Je congratule moi aussi. Merci à toi, qui comme beaucoup passes du temps pour aider les autres, j'ai pris l'habitude d'aider et d'être aidé, comme ça j'ai toujours une bonne raison de venir sur WR .

Merci à toi et tous encore une fois .


----------



## tie-break

Félicitations Cal !  
Et un gros merci aussi pour toutes les précieuses contributions que tu apportes sur le forum !  
A bientôt


----------



## zaby

1000 posts, pas de calamités, jusqu'ici tout va bien 

Naaan, sérieux, c'est toujours un plaisir de te lire 

Féloches !


----------



## mickaël

Félicitations, tu portes mal ton pseudo : tu n'es ni une calamité, ni tu ne tintinnabules*. 
Bonne route vers les 2 000 ! 


* "résonner" comme une cloche.


----------



## Calamitintin

Wayiiiii ! Comme ça fait plaisir tous ces messages ! Merci beaucoup !!! Bon alors comme j'ai vu qu'il y en avait plein qui répondaient personnellement et que je trouve ça bien, je vais faire pareil (de l'imagination, mais pas trop la petite hein !). 

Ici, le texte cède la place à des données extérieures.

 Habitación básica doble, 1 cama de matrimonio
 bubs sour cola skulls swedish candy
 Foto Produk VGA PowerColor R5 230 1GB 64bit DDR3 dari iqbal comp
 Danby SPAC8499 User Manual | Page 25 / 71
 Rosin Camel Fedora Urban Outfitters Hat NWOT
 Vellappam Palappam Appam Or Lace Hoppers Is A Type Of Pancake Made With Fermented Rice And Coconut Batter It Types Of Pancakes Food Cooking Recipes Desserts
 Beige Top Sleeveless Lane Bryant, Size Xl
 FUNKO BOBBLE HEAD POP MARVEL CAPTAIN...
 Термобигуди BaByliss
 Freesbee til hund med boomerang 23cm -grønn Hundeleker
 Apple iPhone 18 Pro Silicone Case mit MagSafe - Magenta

*JackD* : on se suit de près, j'ai vu ton congrat passer il n'y a pas longtemps ! C'est gentil d'être la première à y avoir pensé 
*FranParis* : oui d'ailleurs, pourquoi on dit tintin dans un cas comme ça ? Bonne question !
*DearPrudence* : est-ce que Calamity est censée elle aussi tirer plus vite que son ombre ??? Je vais essayer pour les autres petits posts, et de leur donner une bonne éducation et tout, mais bon, tu sais bien, les posts, c'est plus ce que c'était 
*Punky Zoé* : que serais-tu sans ton "m'enfin" ? Quand je pense que t'avais refusé ma proposition de "paresse d'élocution"...Enfin je vois que pendant que je mets dans le 1000 tu mets dans le 2000 
*geve* : ...et geve met dans le 6000 ! Oki pour la petite mousse (si c'est sans alcool...naan, promis, je râle pas tout le temps).
*KaRiNe_Mars* : eh, tu le croiras ou pas, mais j'ai trouvé ton rébus !!! Suis très fière de moi . 
*PhilFrEn* : eh oui, ce qui est terrible avec WR, c'est qu'on y prend (trop) vite goût, au point de passer son temps dessus...Contente d'avoir d'avoir rencontré plein d'autre WR-addict en tout cas .
*tie-break* : grazie anche a tu! Ma perché non c'è un Francese-Italiano??? Mi piacerebbe tantissimo !!!
*zaby* : pas de calamités, pas de calamités...ces Dames du Sud ne semblent pas d'accord. J'en conclus que tu es quelqu'un de normal ? (pas taper, pas taper !!)
*mickaël *: je sais pas si j'arriverai à 2000 tout de suite, déjà j'ai bien pris mon temps pour les 1000. Pour le pseudo, arf, normalement ça aurait dû être Cal, mais c'était déjà pris 

Aïe, j'ai mis beaucoup trop de souriards !!! Bon on verra si ça passe quand même ! (c'est pas passé...)
++
Cal


----------



## itka

_Elle est venue de l'ouest, de l'ouest de la France,_
_Et nuit et jour sans cesse, à tous les malheureux,_
_Elle nous livre sur le site de WordReference,_
_Avec un beau sourire, ses mille avis précieux._

Bon, mille NEUF d'accord, tu vas pas chicaner, non ? 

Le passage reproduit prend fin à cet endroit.